Fermato Francisco Javier Álvarez, in arte Beret
Un procedimento giudiziario ha coinvolto nelle ultime ore il cantante spagnolo Francisco Javier Álvarez, conosciuto dal pubblico come Beret, arrestato a Siviglia con l’accusa di aggressione sessuale. Il fermo, secondo quanto confermato da fonti ufficiali, è collegato a un’indagine partita dalla denuncia presentata da una fan maggiorenne.
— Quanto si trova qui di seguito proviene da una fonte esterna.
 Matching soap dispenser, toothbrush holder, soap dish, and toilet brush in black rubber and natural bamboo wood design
La segnalazione, depositata lo scorso aprile, avrebbe dato avvio agli accertamenti degli inquirenti. In base alle prime ricostruzioni, la donna avrebbe incontrato l’artista dopo un contatto avvenuto tramite social network e in seguito a un invito ricevuto dallo stesso cantante.
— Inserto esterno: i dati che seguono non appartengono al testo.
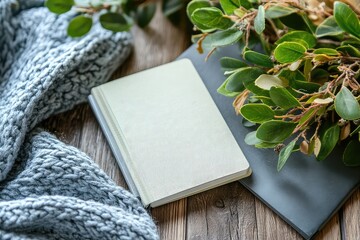 Fototapeta premium A flat lay of a motivational quote card with a plant and a notebook beside it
Arresto dopo la denuncia di aprile: cosa emerge dalle prime ricostruzioni
Il cantante, 29 anni, è stato fermato nella giornata di giovedì. L’episodio contestato risalirebbe a un incontro organizzato dopo una conversazione online. Al momento non sono stati diffusi ulteriori dettagli sul contesto dell’accusa, né sugli elementi raccolti dagli investigatori.
La vicenda arriva in un momento di forte esposizione pubblica per l’artista, reduce da una recente esibizione davanti a 40.000 persone allo Stadio Olimpico di Barcellona, durante un festival che ha preceduto la veglia con papa Leone XIV.
La linea dello staff: nessun commento ufficiale
Dallo staff del cantante non sono arrivate dichiarazioni sul merito delle accuse. Il manager Andrea Momigliano ha riferito a El País: “Non confermeremo né diremo nulla in proposito”, aggiungendo una critica alla gestione mediatica del caso, definita “crudele”.
Nei prossimi passaggi, l’artista dovrà comparire davanti al giudice. Sarà valutata l’eventuale applicazione di una misura cautelare, su richiesta della procura o della parte lesa.